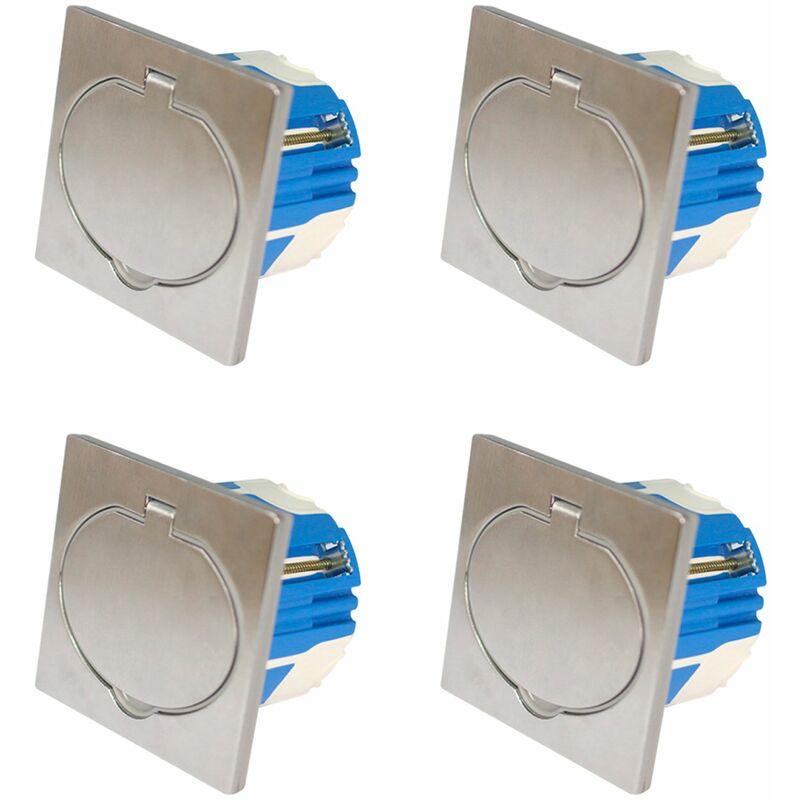 Zenitech - Lot de 4 prises 16A 2P+T finition alu brossé - IP44 avec boîte d'installation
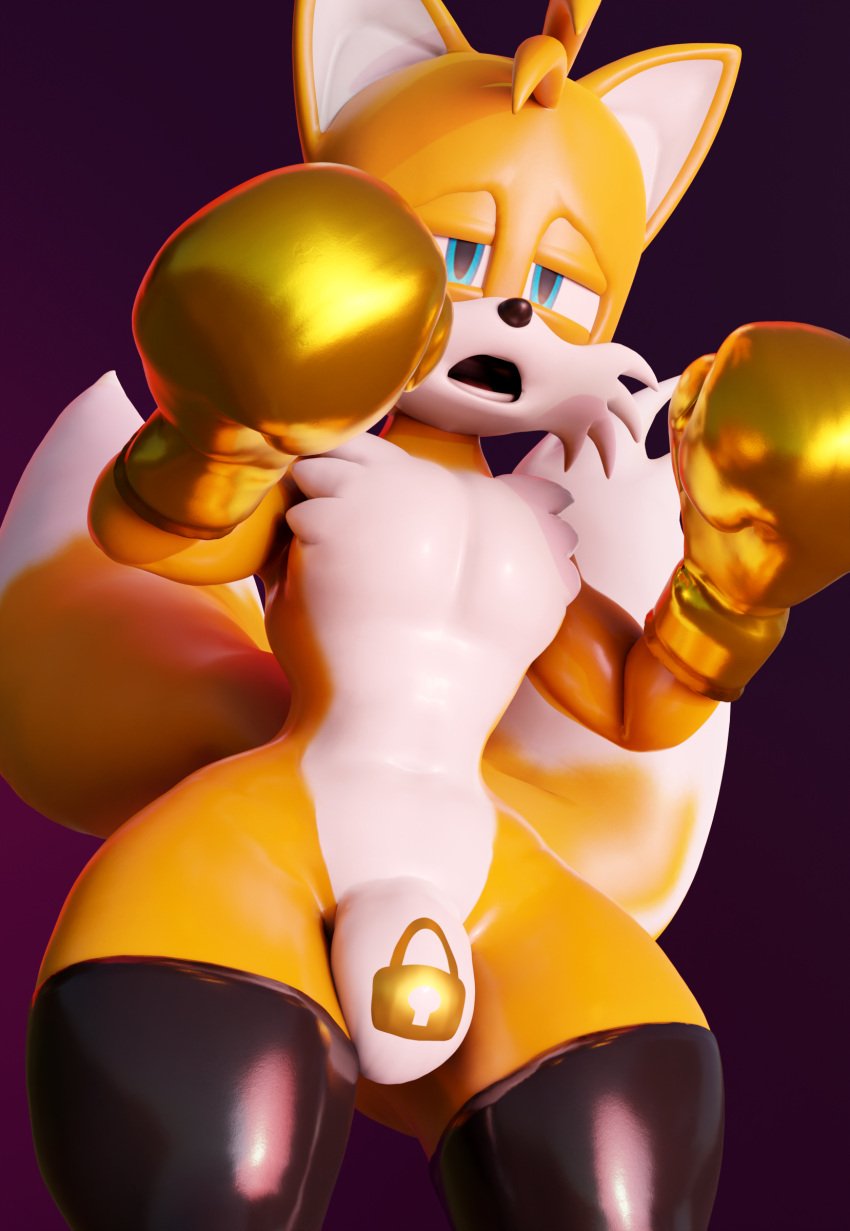 3d 3d_(artwork) absurd_res anthro boxing boxing_gloves bulge canid canine clothing dazed digital_media_(artwork) fox glistening glistening_body gloves gold_gloves golden_boxing_gloves golden_gloves hi_res latex legwear lock_symbol locked male male_only mammal null null_bulge sega solo sonic_(series) sonic_the_hedgehog_(series) sport tagme tails tails_the_fox tailsltx thigh_highs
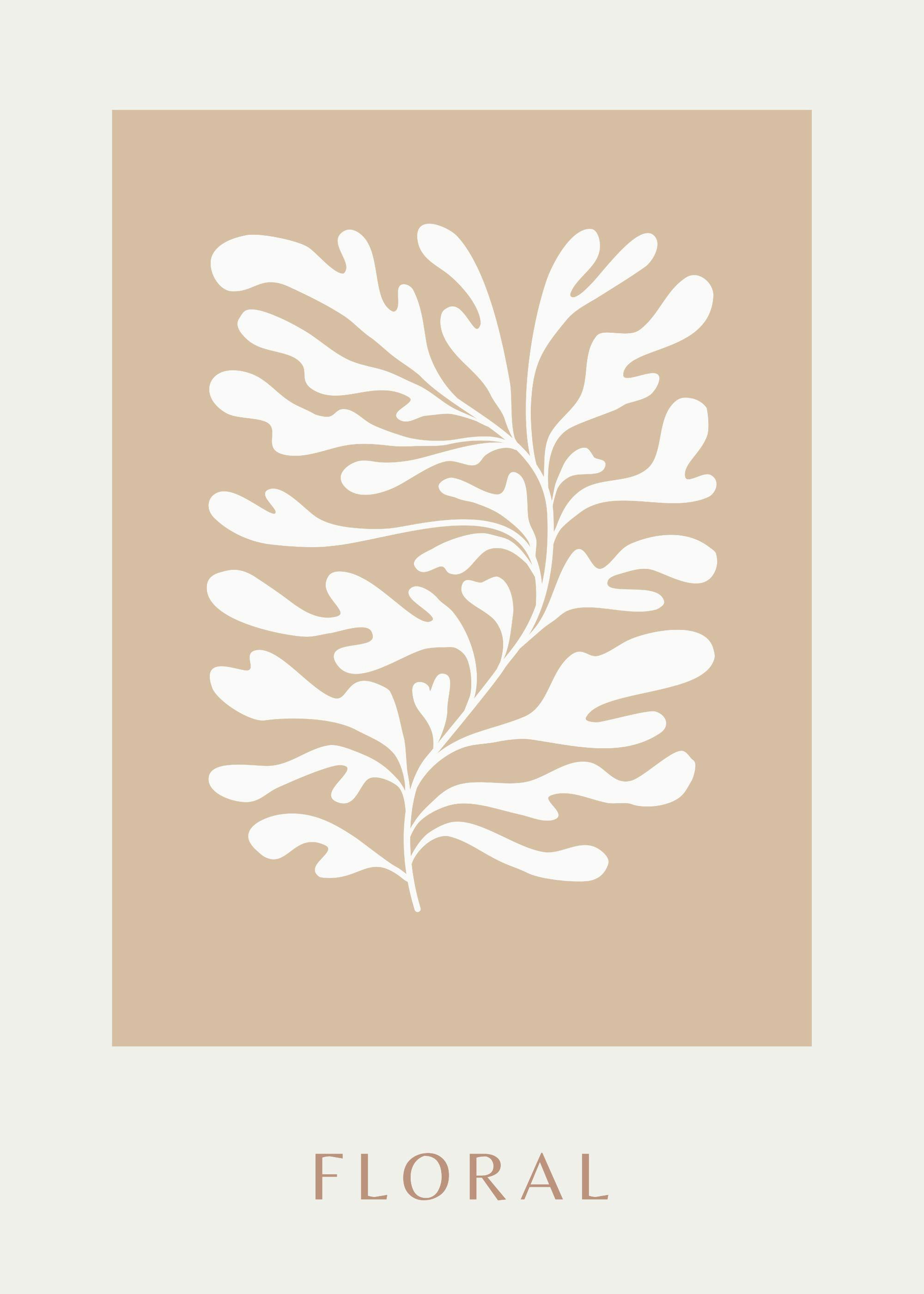 A poster featuring a white botanical drawing of a branch with organic leaves on a light brown background.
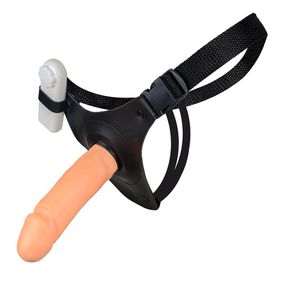 Cinta Com Prótese 15x13cm e Vibro (L215) - Bege - Use Hard - Fabricante e Sex Shop especializada em prazer anal 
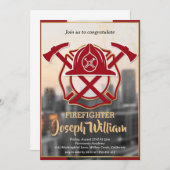 消防士の卒業式への招待 招待状 (正面/裏面)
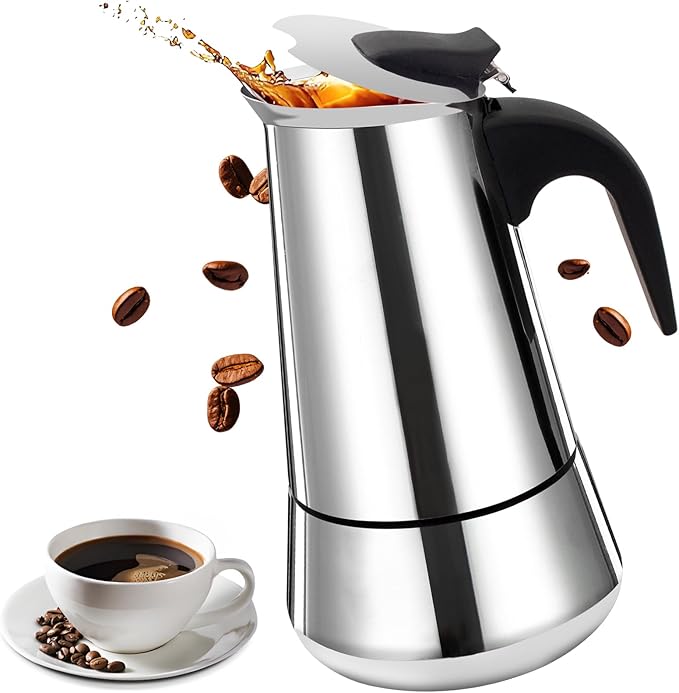 12 Cup Stainless Steel Moka Pot Stovetop Espresso Maker Italian Coffee Machine 600ml 20oz Suitable for Gas Induction Stovetop Mocha Greca Coffee Maker Percolator Tummy
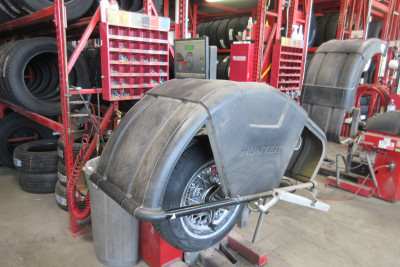 Tire and rim on balancer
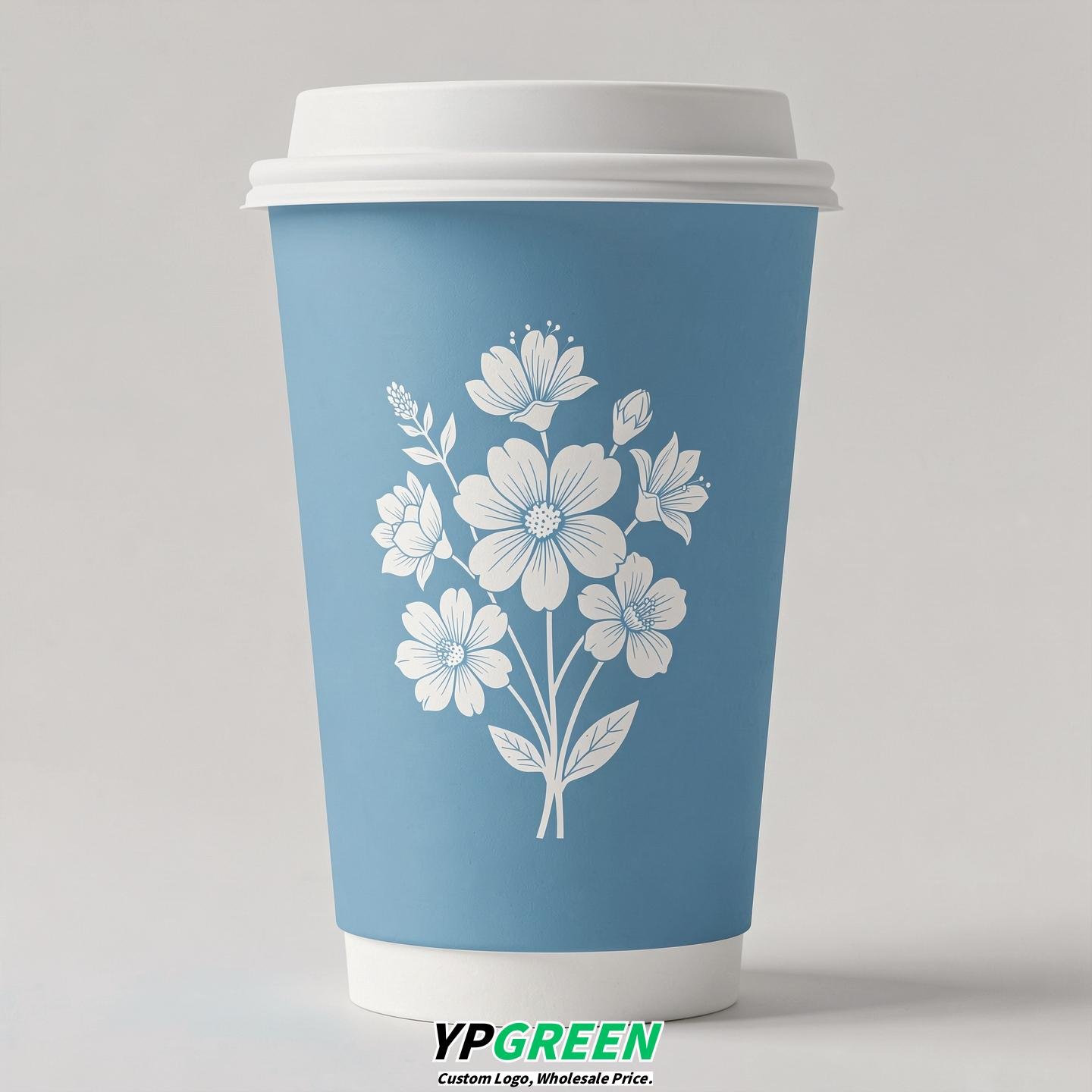 Sky Blue Floral Paper Cups with Lids 8-24oz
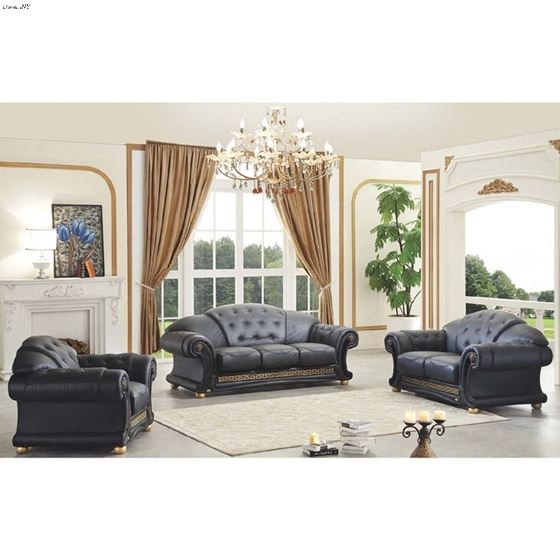 Apolo Tufted Black Leather Love Seat Apolo By ESF Furniture 4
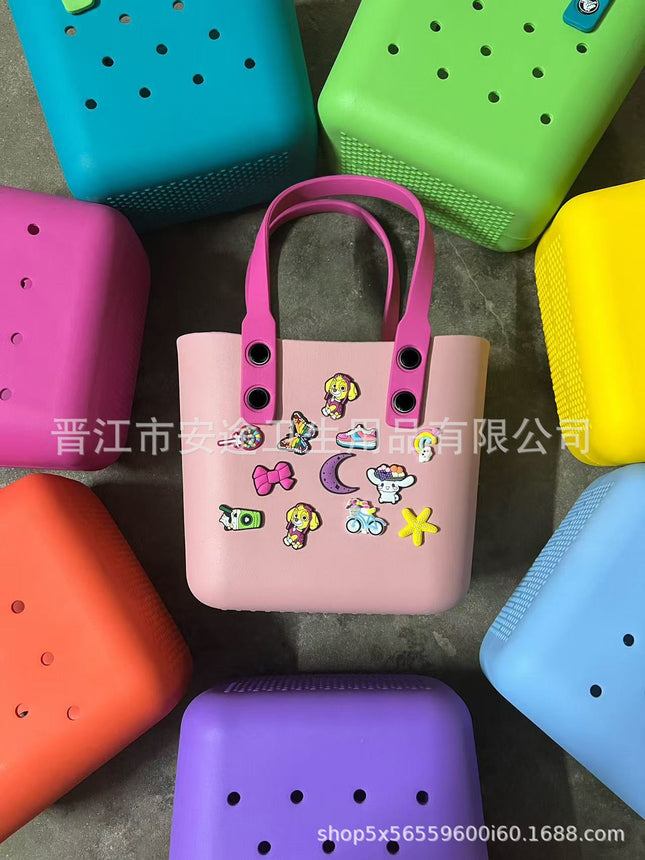 EVA Beach Bag DIY Hole Bag Women's Handbag Macaron Cross-border Hot Lunch Bag Cartoon Children's New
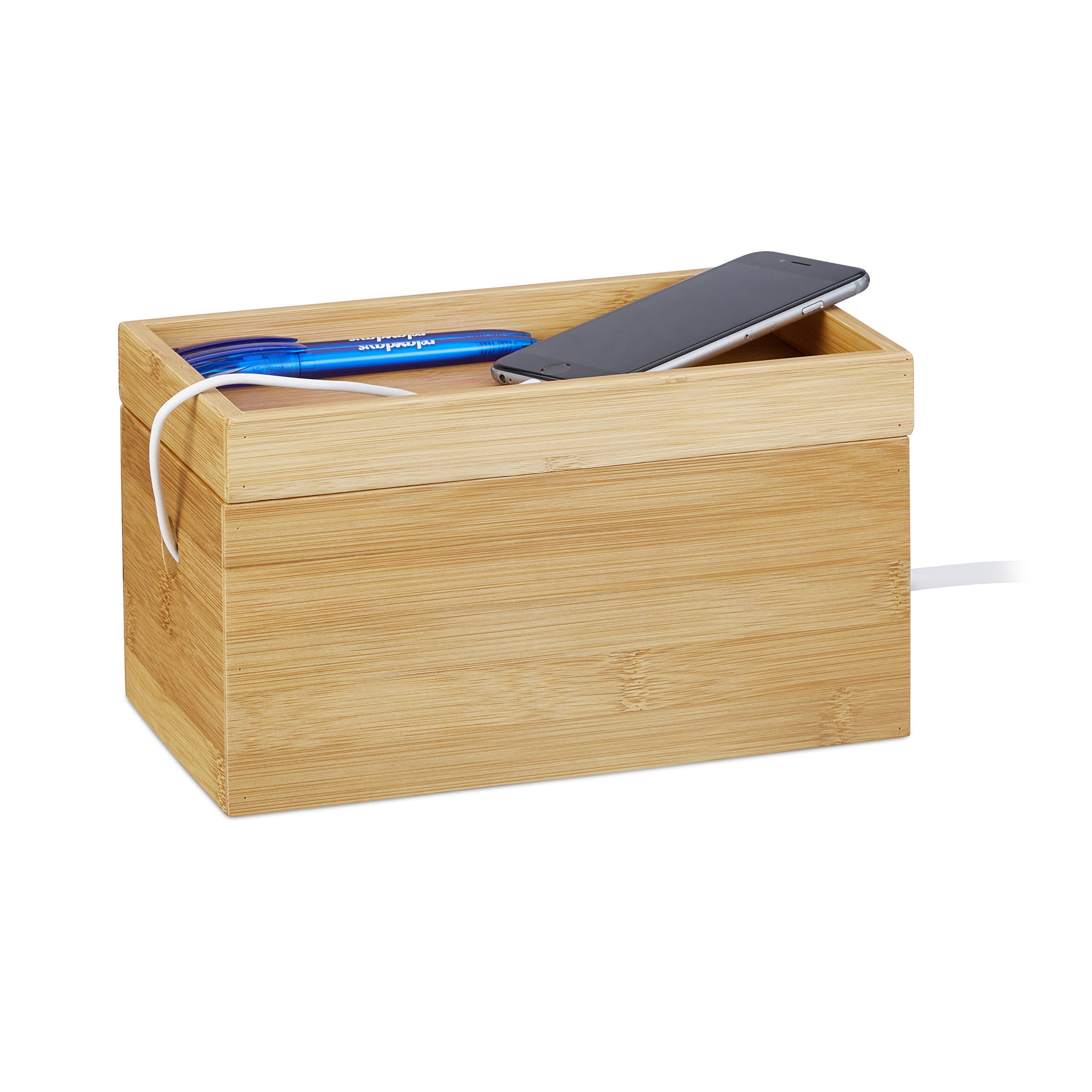 KABELBOX - Hellbraun, Holz (14/25.5/14cm) - Relaxdays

§ Work item: Your output should consist solely of the lines from the line containing "Sky Blue Floral Paper Cups with Lids 8-24oz" through the last line of the entries, verbatim, minus any pictures.

§ Response to the task:
 Sky Blue Floral Paper Cups with Lids 8-24oz
 Apolo Tufted Black Leather Love Seat Apolo By ESF Furniture 4
 EVA Beach Bag DIY Hole Bag Women's Handbag Macaron Cross-border Hot Lunch Bag Cartoon Children's New
 KABELBOX - Hellbraun, Holz (14/25.5/14cm) - Relaxdays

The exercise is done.